--- START ---

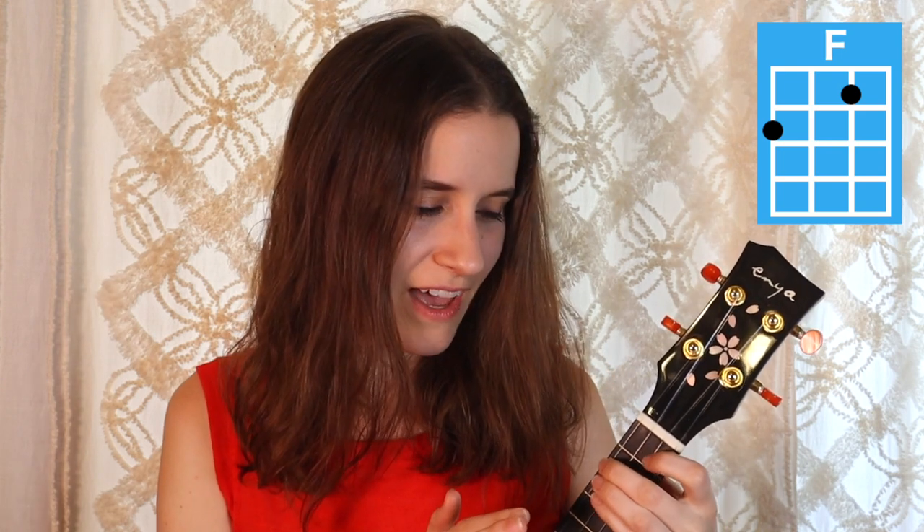Then we have A minor. You're just gonna put your second finger on the second fret of the fourth string. And then keep this finger where it is. Our next chord is F. You're just gonna add your first finger to the first fret of the second string.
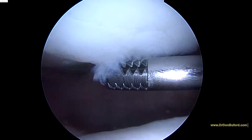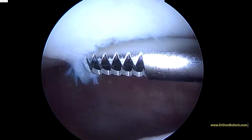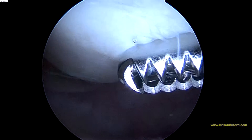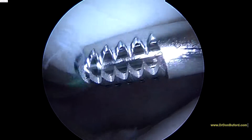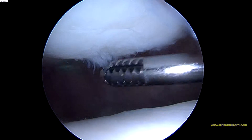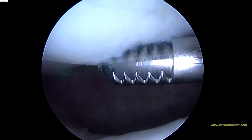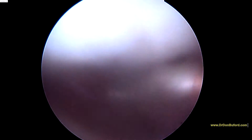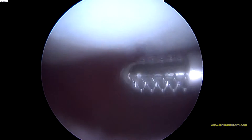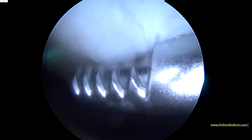Here's the area underneath the patella we were concerned about. You can see how this cartilage here is hanging down and a little bit frayed. You can see evidence of some softening of the cartilage here laterally as well. So we're going to go ahead and start the shaver. We don't want to dig into this area — we just want to remove anything that's clearly loose. We don't want to remove any cartilage, and then we're going to do our bone marrow aspirate injection to try and promote or stimulate a healing response here.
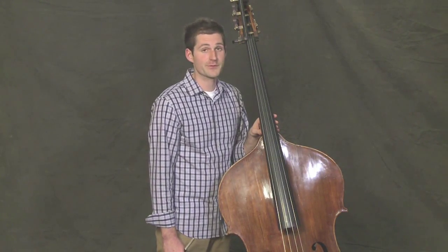In this lesson we'll learn to shift a little farther on the bass to the fifth position and learn how to play a two-octave G major scale.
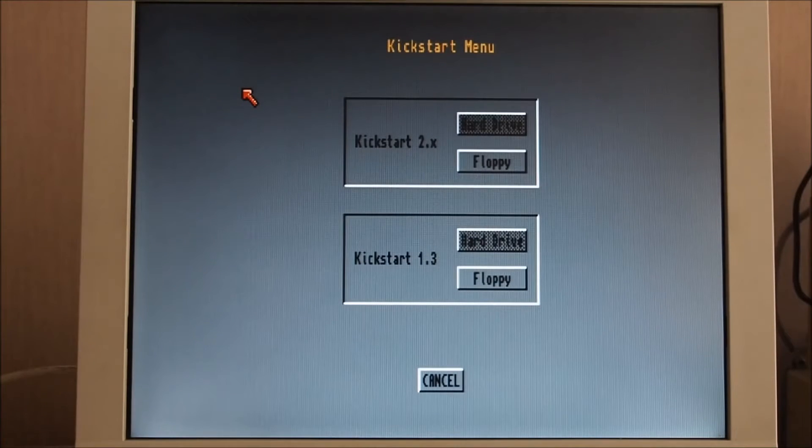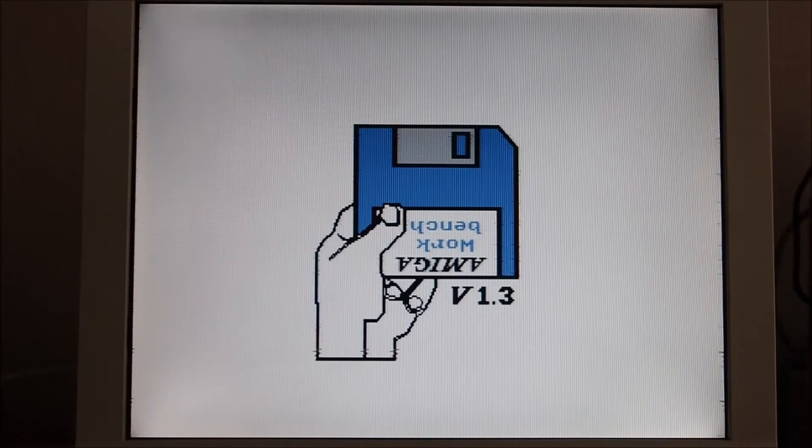This is the kickstart menu. We've got version 2 kickstart or version 1.3 — I'm going to choose version 1.3. The floppy disk is installed and it's loading from the floppy. What it's doing is loading the kickstart into memory. Traditional Amigas like the Amiga 500 and 600 would normally have kickstart in ROM, but in this case I'm having to get it from floppy disk.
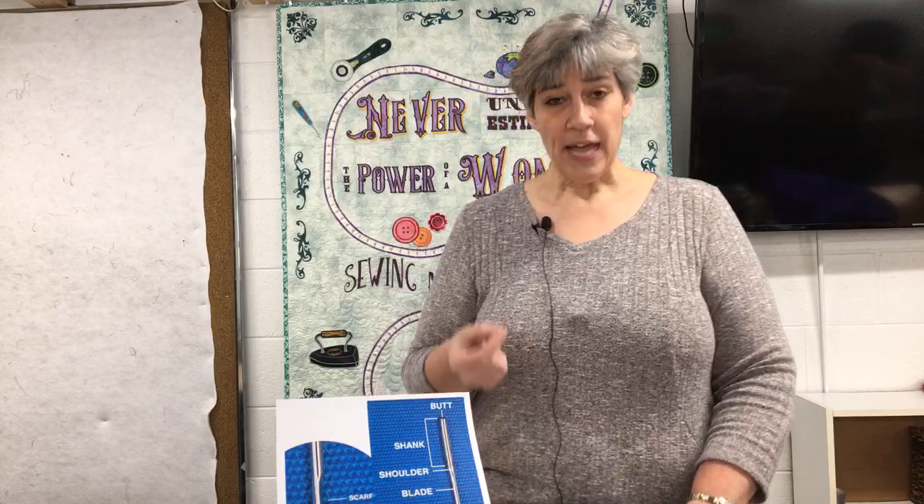Something I found online is that you should change your needle after eight hours of sewing — eight hours of sewing. That's not how long the needle's been in the machine; that's the time you've been sewing with that needle. That needle is going up and down up to a thousand stitches per minute. Some high-speed straight-stitching machines can go up to fifteen hundred stitches per minute.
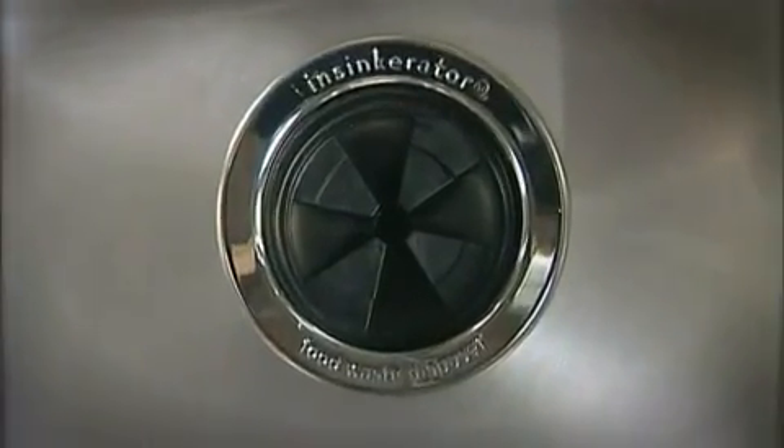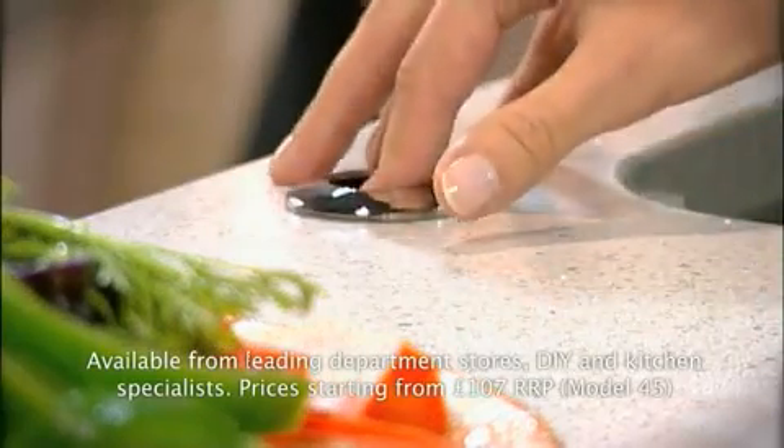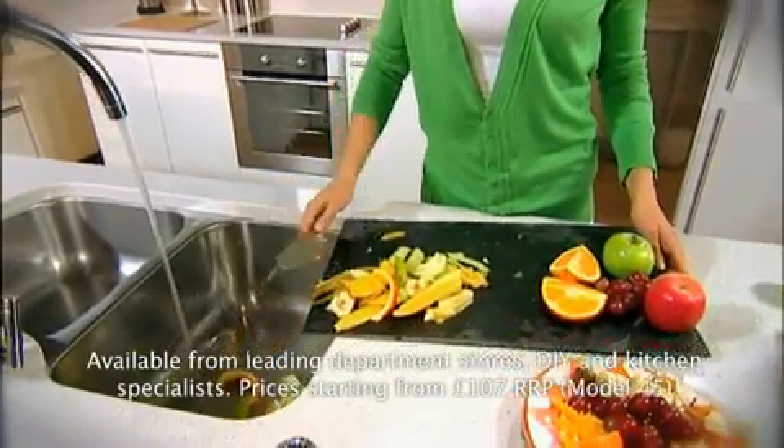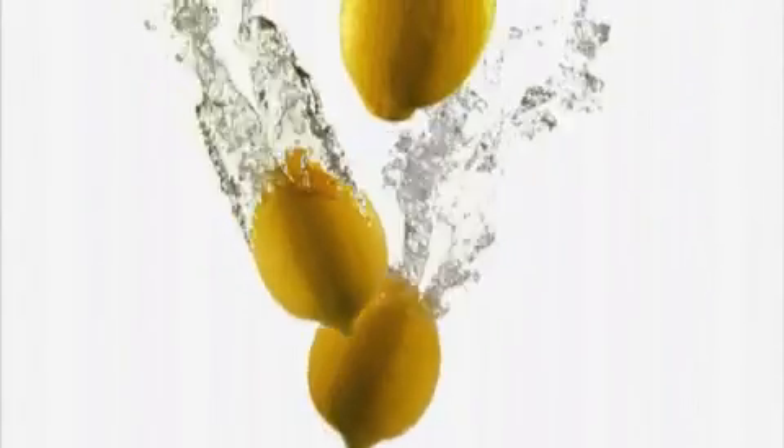Take your kitchen sink. Now connect it to an Insinkerator food waste disposer, which sits discreetly in the cupboard underneath. Then watch as your food waste is washed simply, cleanly and effortlessly away. And that means less smelly, messy refuse sitting around in your bin.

--- END ---

Leave every picture out and print exactly the lines from the one that contains "Here's the area" through the last line of the material above.

**Written response**:
Here's the area underneath the patella we were concerned about. You can see how this cartilage here is hanging down and a little bit frayed. You can see evidence of some softening of the cartilage here laterally as well. So we're going to go ahead and start the shaver. We don't want to dig into this area — we just want to remove anything that's clearly loose. We don't want to remove any cartilage, and then we're going to do our bone marrow aspirate injection to try and promote or stimulate a healing response here.
In this lesson we'll learn to shift a little farther on the bass to the fifth position and learn how to play a two-octave G major scale.
This is the kickstart menu. We've got version 2 kickstart or version 1.3 — I'm going to choose version 1.3. The floppy disk is installed and it's loading from the floppy. What it's doing is loading the kickstart into memory. Traditional Amigas like the Amiga 500 and 600 would normally have kickstart in ROM, but in this case I'm having to get it from floppy disk.
Something I found online is that you should change your needle after eight hours of sewing — eight hours of sewing. That's not how long the needle's been in the machine; that's the time you've been sewing with that needle. That needle is going up and down up to a thousand stitches per minute. Some high-speed straight-stitching machines can go up to fifteen hundred stitches per minute.
Take your kitchen sink. Now connect it to an Insinkerator food waste disposer, which sits discreetly in the cupboard underneath. Then watch as your food waste is washed simply, cleanly and effortlessly away. And that means less smelly, messy refuse sitting around in your bin.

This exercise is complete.